The only thing worse than dumb is boring. In The House Bunny, director Fred Wolf’s inescapable mess of a comedy, there is better dialogue to be found by a whispering movie patron, than the actual cast of the film, which says just how boring this movie really can be. We’ve all seen Anna Faris as the goofy, wide eyed idiot savant in the Scary Movie franchise. She has also donned her half cocked, brainless facial expressions in such mediocre outings as Smiley Face and the Ryan Reynolds vehicle, Best Friends. Faris’ best arsenal as a comedian is not only her knack to bend a facsimile sex appeal with a kooky restlessness, but also her pseudo-comic timing, a timing that sees her break things for the sake of wacky slapstick humor and cheap laughs. Big deal.
In The House Bunny, Faris plays her entire hand – assuming that she has one to play in the first place – and delves into her airhead mannerisms with little discerning tact or strategy. Faris plays Shelley Darlingson, a Playboy bunny readying herself for her 27th birthday at the famed mansion. Working on a hunch that she will become Heff’s choice for Miss November, Faris instead wakes to an alleged note by the magazine aficionado. To Shelley’s ultimate dismay, the note tells her to leave the mansion’s premises immediately, and thus begins an odyssey like adventure for the ostracized, dimwitted nude model.

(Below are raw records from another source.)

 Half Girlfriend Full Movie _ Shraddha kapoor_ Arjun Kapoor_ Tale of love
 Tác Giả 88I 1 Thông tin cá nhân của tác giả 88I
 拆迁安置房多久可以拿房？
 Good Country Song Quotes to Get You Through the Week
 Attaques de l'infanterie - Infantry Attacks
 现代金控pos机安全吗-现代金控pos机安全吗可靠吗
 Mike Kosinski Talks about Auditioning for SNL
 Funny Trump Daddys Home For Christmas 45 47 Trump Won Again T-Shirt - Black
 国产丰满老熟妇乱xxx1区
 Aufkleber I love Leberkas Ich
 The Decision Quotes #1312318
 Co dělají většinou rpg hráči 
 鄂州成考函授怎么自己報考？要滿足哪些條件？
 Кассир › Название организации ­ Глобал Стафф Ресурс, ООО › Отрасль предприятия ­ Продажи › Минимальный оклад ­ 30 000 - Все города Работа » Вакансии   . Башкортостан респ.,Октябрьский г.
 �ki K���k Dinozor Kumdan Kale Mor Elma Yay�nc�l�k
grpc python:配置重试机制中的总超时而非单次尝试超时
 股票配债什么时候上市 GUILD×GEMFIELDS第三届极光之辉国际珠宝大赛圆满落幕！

After being kicked out of the mansion – with not even her hissing, precious kitten will follow her – Shelley finds a home with the sorority girls from Zeta Alpha Zeta. The members, a hodgepodge of unpopular and socially inept girls, take Shelley into their home when they realize that she attracts boys to their campus home. Shelley, the good natured and now bumbling housemother of Zeta Alpha Zeta sorority, helps the clueless lot of studious girls become socially acceptable bimbos – but don’t worry, there’s a moral in the end.
The unaccepted girls in the sorority suffer from various unbecoming disabilities, our director tells us, such as being handicapped, gothic, husky voiced, and my personal favorite, pregnant. Shelley, thankfully for us, teaches our unanimous coalesce of outcasts to become “pretty” by growing their hair out, wearing cleavage bearing tops, and strutting sexually as if on a catwalk. This is justified, I think, by the fact that Shelley apologizes for her wrongful advice during the climax.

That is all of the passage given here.